I have recently done some work altering popular gradient boosted decision trees (GBDTs) for regression, and I was just working on establishing a theoretic basis for the modern algorithm. There is a paper here I've gravitated toward from Jerome Friedman (1999): Greedy Function Approximation: A Gradient Boosting Machine. There is a nice background developed in the intro, and I've found what I think is the general algorithm for GBDTs for regression, copied here, Algorithm 2.
My question is going to become apparent now. Inside the for
loop we have three lines. The first line is simply computing the gradients based on the stagewise learner until that step. The $h(\textbf{x},\textbf{a})$ is the parametrized function (regression tree) that is fit to the residuals at each stage. This fitting is happening on the second line.
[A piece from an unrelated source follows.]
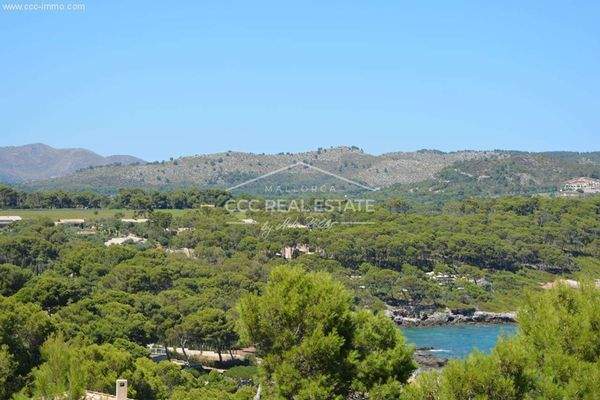 Wunderschönes Hinterland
On this line the parameter $\rho_m$ is also being optimized, which is then used in the last step to scale the update to the function $F$.
The way I interpret $\rho_m$ is what we now call the learning rate in popular GBDT libraries like XGBoost or LightGBM. $\rho_m$ is set as a fixed value at the beginning of training, it is not optimized for at each step like in this algorithm. Why is that? Is there an important paper that discusses why this simplification is made? This algorithm makes it seem that we should adjust the learning rate at each stage instead of keeping it fixed. I'm just wondering why we seem to have lost this detail with modern GBDT implementations?